[Material to process Boundary: Start]

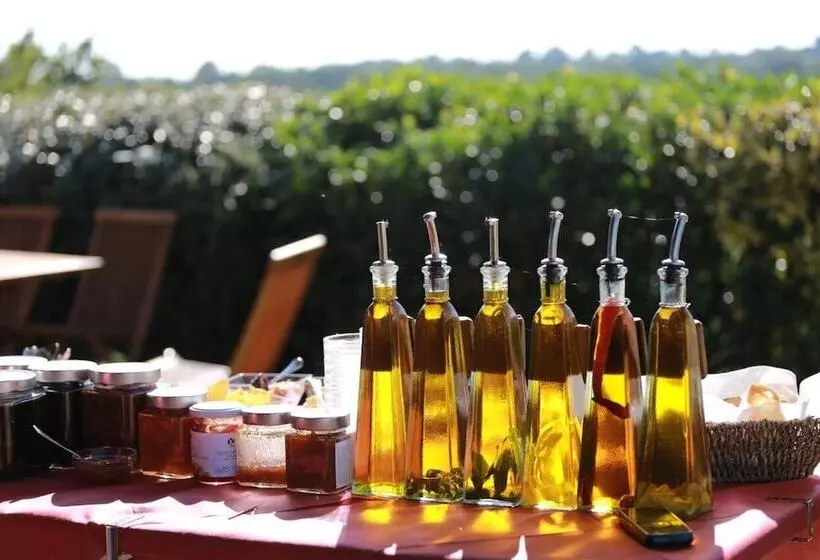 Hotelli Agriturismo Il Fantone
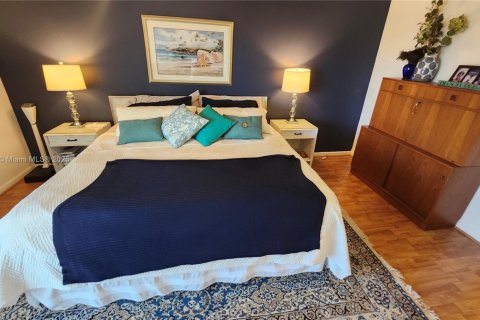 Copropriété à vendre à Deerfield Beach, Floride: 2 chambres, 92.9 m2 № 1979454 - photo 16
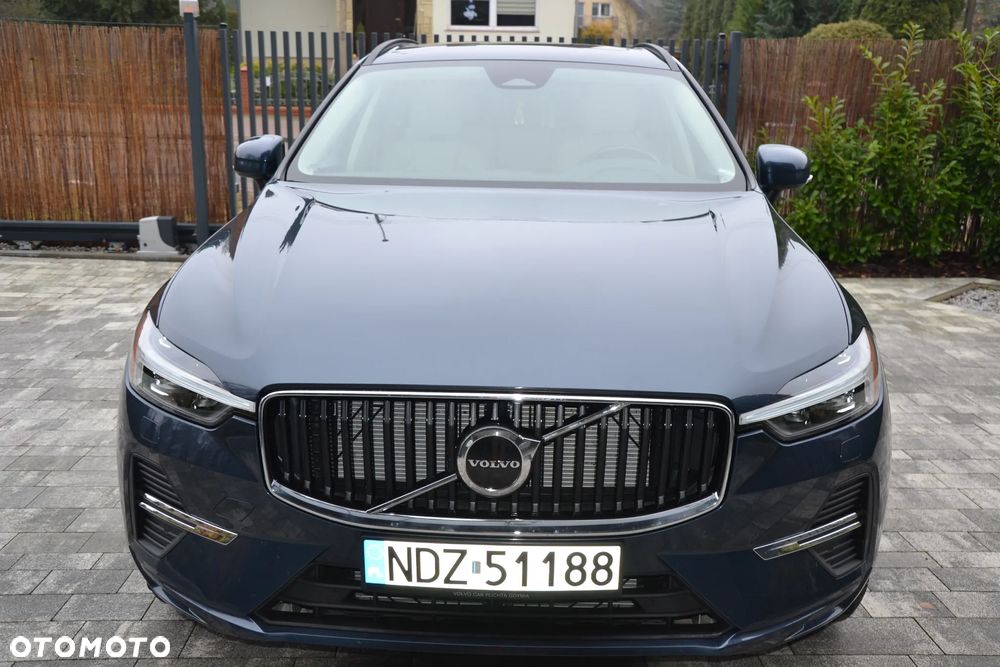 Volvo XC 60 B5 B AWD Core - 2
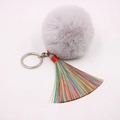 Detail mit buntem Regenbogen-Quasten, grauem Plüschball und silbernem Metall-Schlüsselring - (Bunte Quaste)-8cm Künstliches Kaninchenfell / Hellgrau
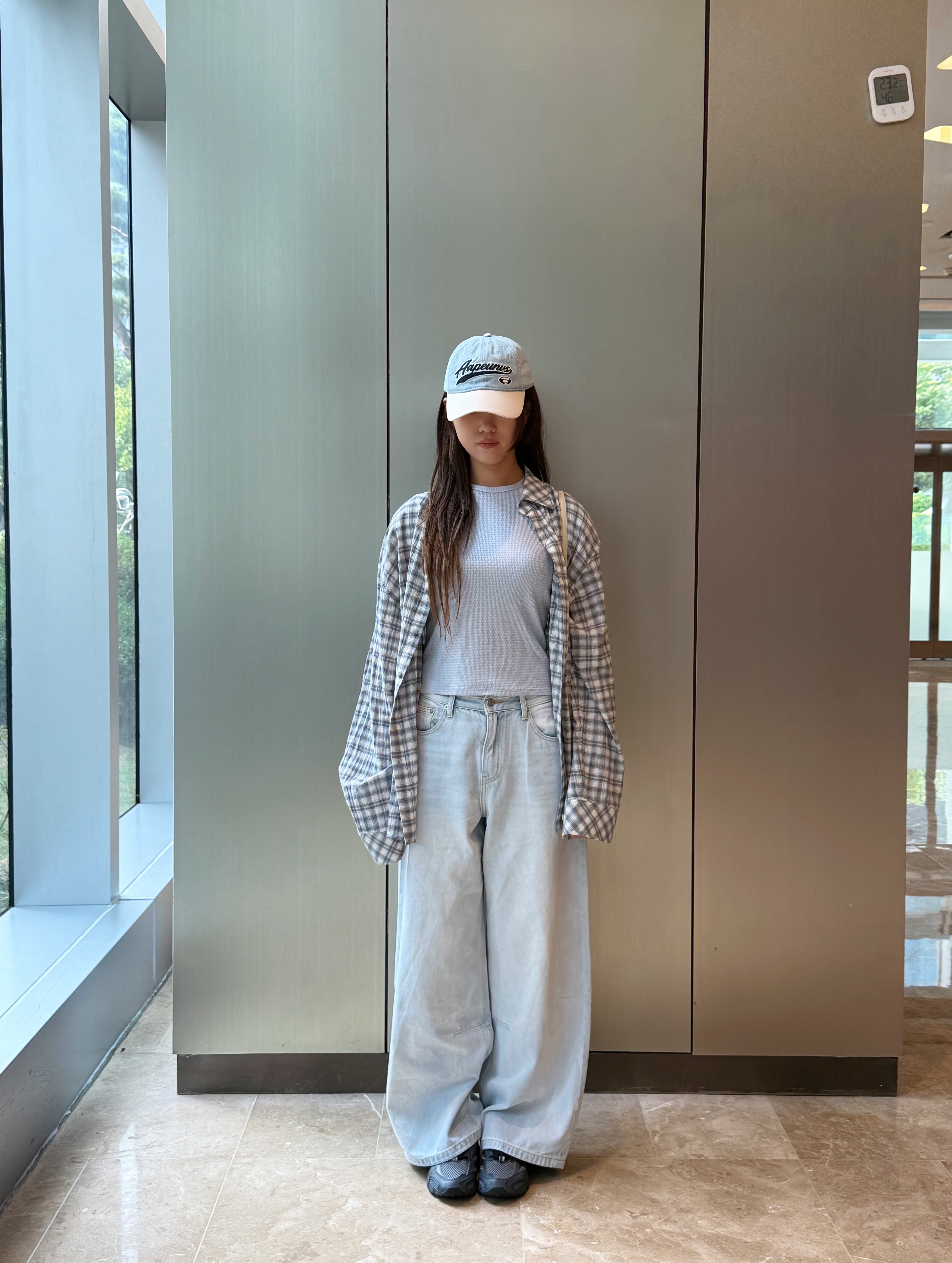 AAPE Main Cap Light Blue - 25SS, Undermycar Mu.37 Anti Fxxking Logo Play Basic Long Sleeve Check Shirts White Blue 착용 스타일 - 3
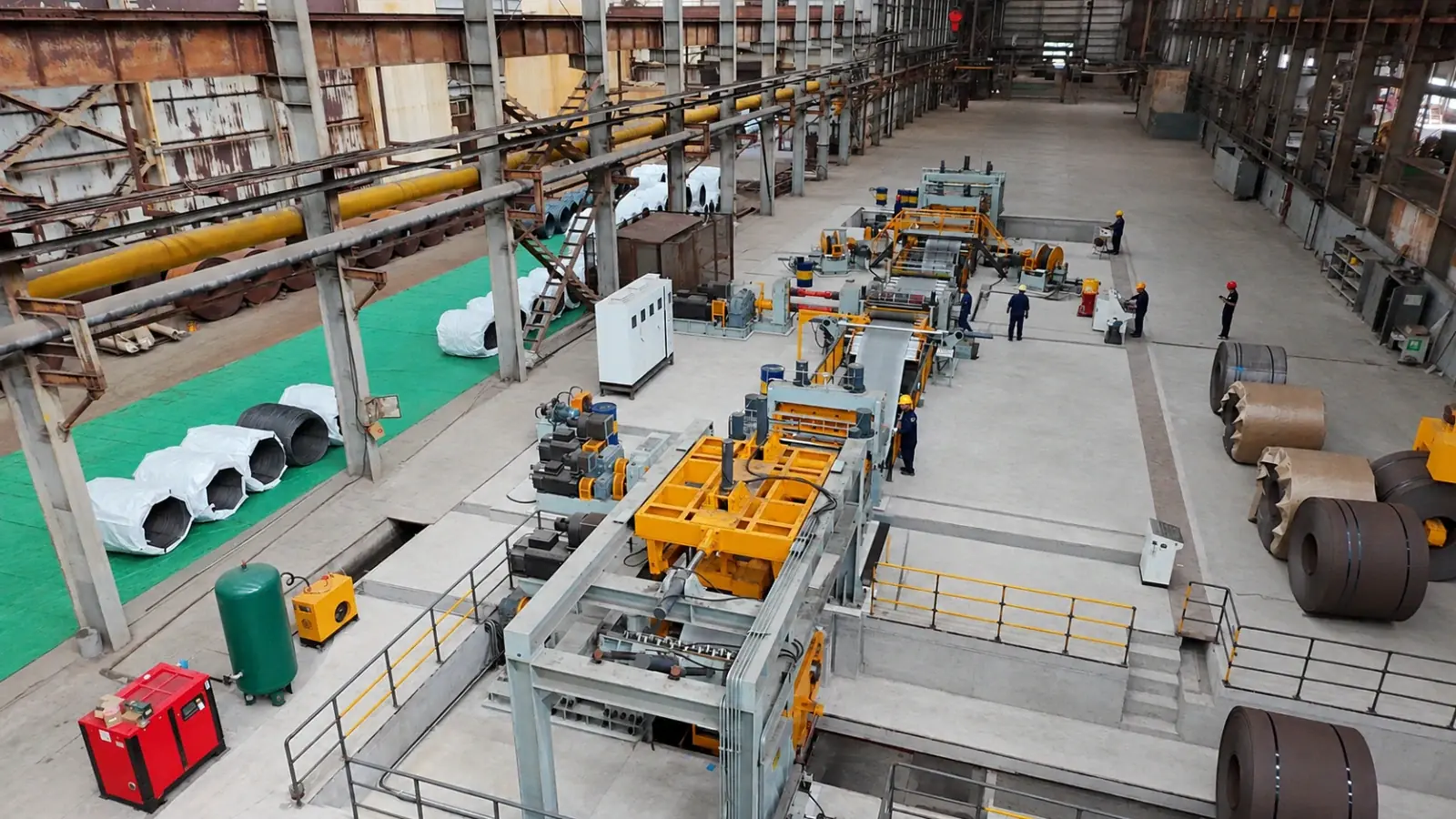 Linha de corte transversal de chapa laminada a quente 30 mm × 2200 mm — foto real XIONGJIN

[Material to process Boundary: End]

### Work order
Reproduce the data above in full, exactly as it is, with the pictures left out.

### Task result
 Hotelli Agriturismo Il Fantone
 Copropriété à vendre à Deerfield Beach, Floride: 2 chambres, 92.9 m2 № 1979454 - photo 16
 Volvo XC 60 B5 B AWD Core - 2
 Detail mit buntem Regenbogen-Quasten, grauem Plüschball und silbernem Metall-Schlüsselring - (Bunte Quaste)-8cm Künstliches Kaninchenfell / Hellgrau
 AAPE Main Cap Light Blue - 25SS, Undermycar Mu.37 Anti Fxxking Logo Play Basic Long Sleeve Check Shirts White Blue 착용 스타일 - 3
 Linha de corte transversal de chapa laminada a quente 30 mm × 2200 mm — foto real XIONGJIN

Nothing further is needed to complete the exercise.